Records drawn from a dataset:
- Opening Delimiter -

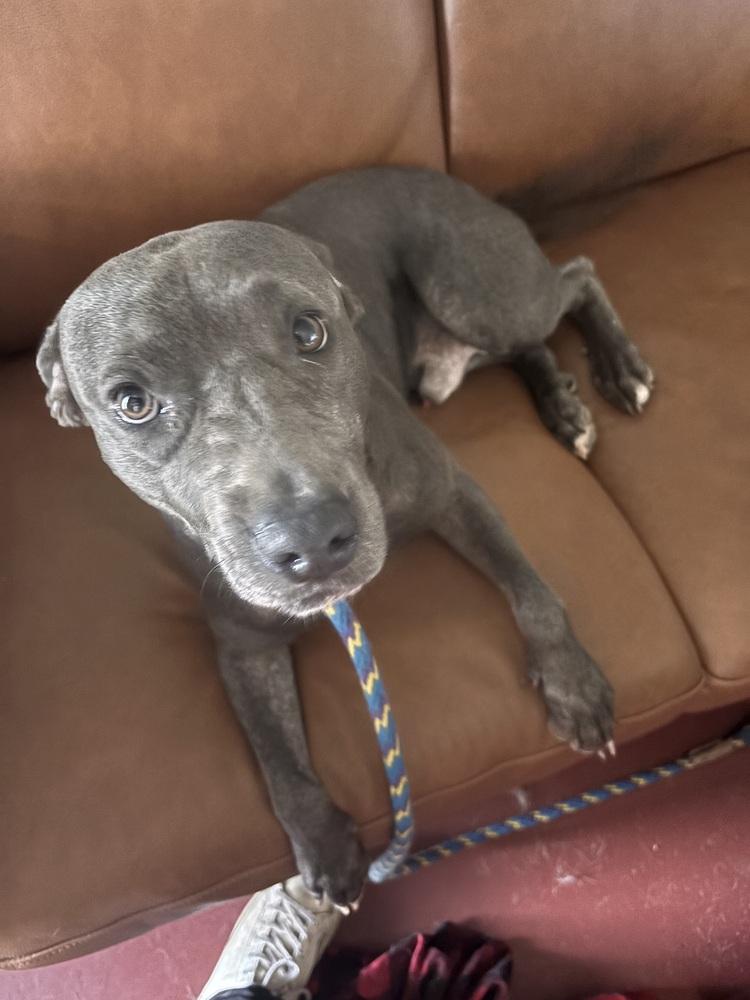 Enlarge Grey - fostered in Perryville MO, a Adoptable mixed breed in Shawnee Mission, KS image 2/5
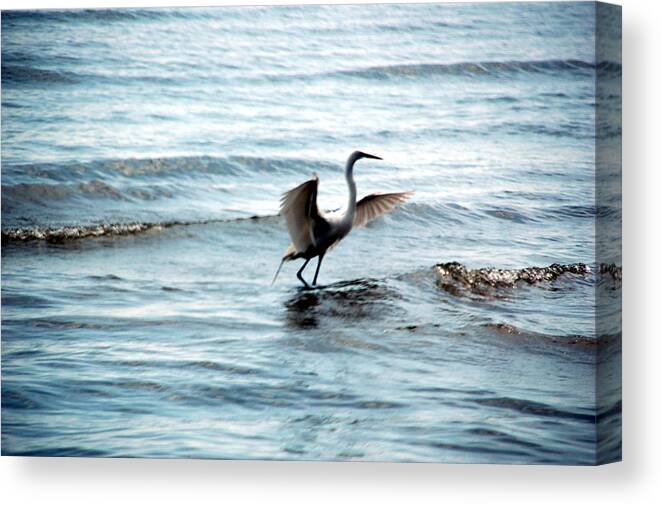 Wildlife Canvas Print featuring the photograph Egret at Sunset by Kathleen Stephens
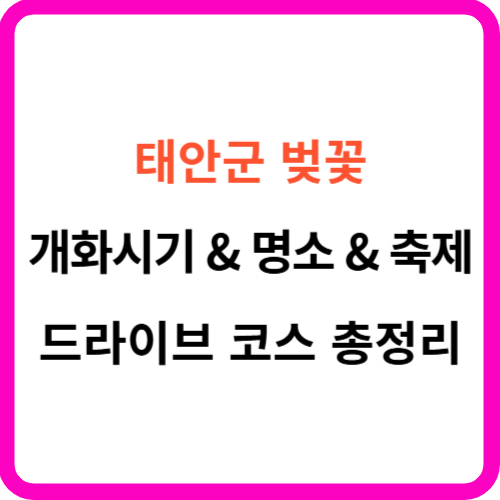 태안 벚꽃 개화시기 축제 명소 드라이브 코스 가이드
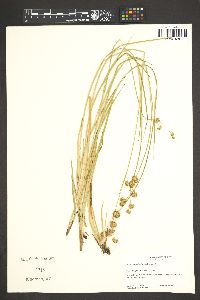 Juncus ensifolius var. montanus image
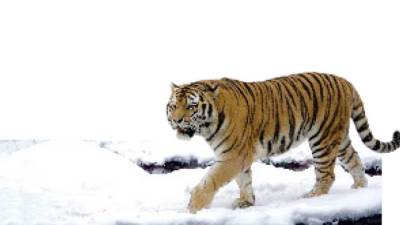 كائنات تختفى بصمت؟!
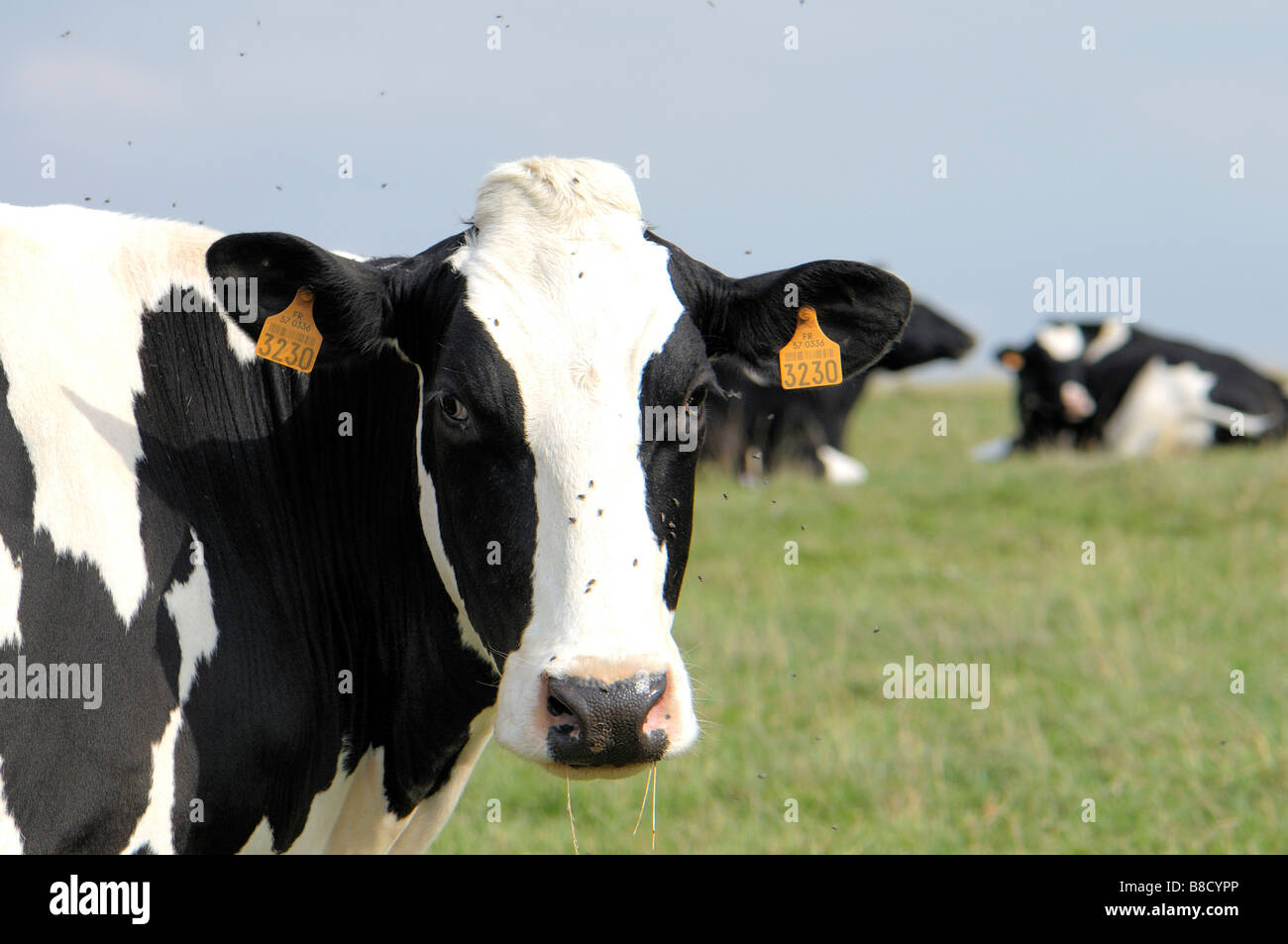 Tête de vache en close-up Banque D'Images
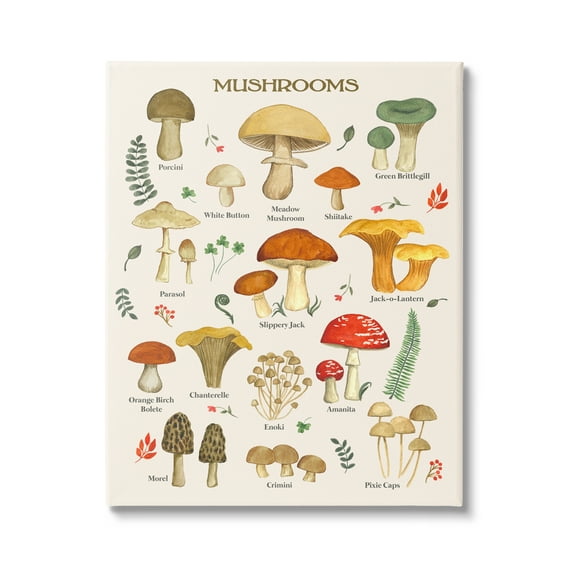 Stupell Industries Foraging Mushrooms Studies Botanical & Floral Painting Gallery Wrapped Canvas Print Wall Art, 16 x 20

- Closing Delimiter -

What is needed: For the entries above, the output must hold exactly the lines from the one with "Juncus ensifolius var. montanus image" through the last line, both included, and no pictures.

Result of this task:
 Juncus ensifolius var. montanus image
 كائنات تختفى بصمت؟!
 Tête de vache en close-up Banque D'Images
 Stupell Industries Foraging Mushrooms Studies Botanical & Floral Painting Gallery Wrapped Canvas Print Wall Art, 16 x 20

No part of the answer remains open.